Sie finden noch Platz an der Seite von Wellen und Meeresrauschen. Ihre Förmigen, abgerundeten Körper schmiegen sich in vertrauter Zweisamkeit an ihnen an, als würden sie schon immer zueinander gehören. Aua, was ist denn das? Es piekst. Feine zierliche Stacheln verhaken sich in meinem Handrücken. Aja, stimmt, das ist der Ableger vom dicken Kaktus der seit dem meine Eltern das Haus und Grundstück übernahmen, schon immer da mitten im Garten stand, an dem ich fast nie, ohne ihn ungewollt leicht an seinen kräftigen Stacheln mit dem linken Knie unsanft berühre, vorbei komme. Es scheint mir, als würde es ihm leid tun, dass ich mich an ihm verletze, da er eine saftartige Flüssigkeit empor bringt; als würde er weinen. Ich umarme ihn ganz vorsichtig und spreche in gedämpften, beruhigendem Ton mit ihm, dass es mir sehr leid täte, das ich ihn ständig auf solch eine Art und Weise kontaktiere. Der kleine Ableger in der kunstvoll verzierten Tonschale meiner Mutter, der auf dem kleinen Tischchen neben dem Sofa steht, worauf mein Koffer zur letzten Stipptvisite einnehmend ausgebreitet liegt, scheint mir zuzuhören.
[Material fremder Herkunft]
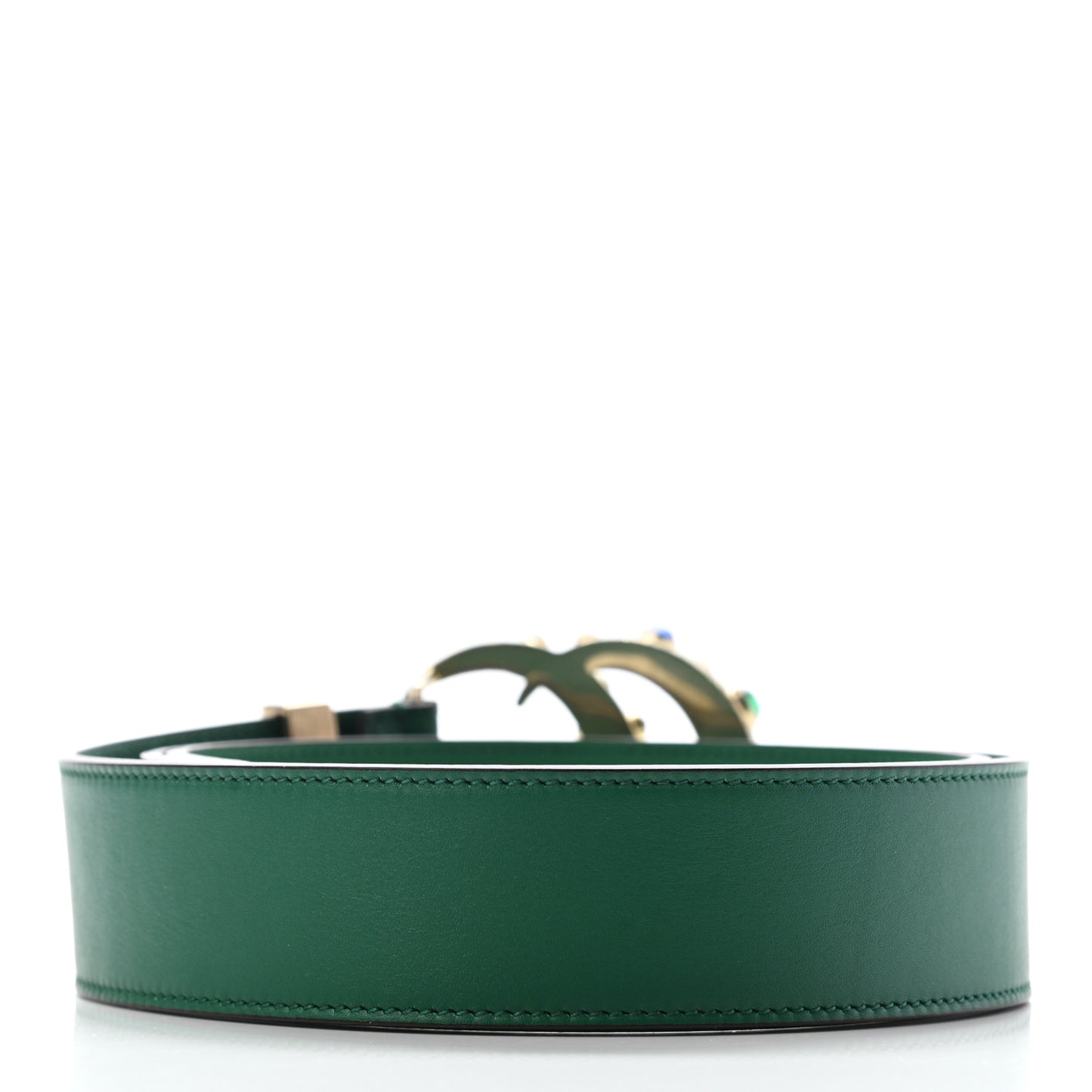 Calfskin Ceramic Glass Double G 40mm Belt 100 40 Emerald Multicolor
Du, sage ich verschwörend, mich wieder ihm aufmerksamer zuwendend, mit von Schmerz verzerrtem, doch liebevollem Gesicht. Schade, Dich kann ich leider nicht mitnehmen, denn es gibt keinen Platz mehr in meinem Koffer und Du könntest darin hoffnungslos ertrinken. Doch ich werde mich noch lange gern an Dich erinnern.

Noch einmal drehe ich mich wehmütig um und winke zum Abschied allen zu und verspreche im nächsten Jahr unbedingt wieder zu kommen! Daheim öffne ich den Koffer und ja was entdecken da meine flinken Finger, meine Mutter hat mir noch ein Glas mit der so leckeren Kakteenmamelade in den Koffer gelegt. Es erfüllt mich so sehr! Vor lauter Rührung kommen mir da die Tränen!